Source data:
________________________

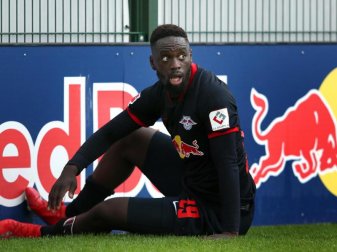 Leipzigs Jean-Kevin Augustin könnte bald zum französischen Erstligisten OGC Nizza wechseln. Foto: Ronny Hartmann Leipzigs Jean-Kevin Augustin könnte bald zum französischen Erstligisten OGC Nizza wechseln. Foto: Ronny Hartmann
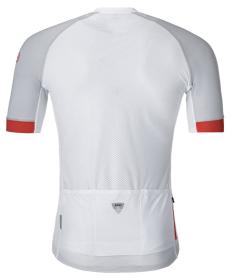 Kilpi VENETO-M biely pánsky cyklistický dres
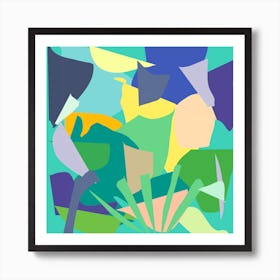 Garden In Paradise Art Print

________________________

Your goal:
Word for word, retype the lines from the one with "Kilpi VENETO-M biely pánsky cyklistický dres" through the final line of the data, both included. No pictures belong in the copy.

Solution below:
 Kilpi VENETO-M biely pánsky cyklistický dres
 Garden In Paradise Art Print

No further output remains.